彼らは違法携帯電話ユーザーを「毒草」と呼び、移動式電波探知機を使って通話をしている現場を押さえて捕まえたり、秘匿された電話機を金属探知機で探し出したりするなどして、12人を逮捕した。うち1人は、北朝鮮国内の状況を中国人に話したとの理由で処刑される可能性があると、情報筋は伝えた。
逮捕容疑として適用されたのは、違法な国際通信を禁じた刑法222条で、最高刑は5年以下の労働教化刑(懲役刑)だ。しかし、刑法63条の国家反逆罪を適用すると死刑にすることも可能ではある。ただ、国内の状況を外部に漏らしただけで祖国に反逆した、裏切った行為とみなすことは難しいが、見せしめとして処刑することは十分有り得ることだ。
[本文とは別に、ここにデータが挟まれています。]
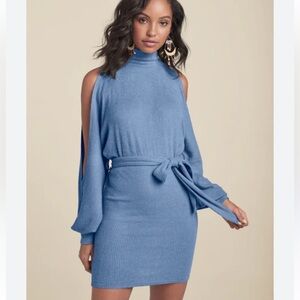 Venus Blue Turtleneck Open Shoulder Belted Ribbed Sweater Mini Dress -Medium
これ以外にも、当局は体制を引き締め、思想の緩みを防止するために反社会主義・非社会主義連合指揮部なる組織を立ち上げ、主に中国との国境に接した地域で、大々的な取り締まりを行っている。だが、彼らがターゲットとする行為は、密輸に収入を依存する地域の人々の生業そのものだ。取り締まりの長期化に伴って、国境沿いの地域は疲弊しつつある。
新義州でも取り締まりの期間中には皆が息を潜め、通話は行わないようにしていたが、今月初めに取り締まり班が撤収するや否や、あっという間に元の木阿弥となった。現在では通話が活発に行われているという。結局、「捕まった人だけが運が悪かった」(情報筋)ということだ。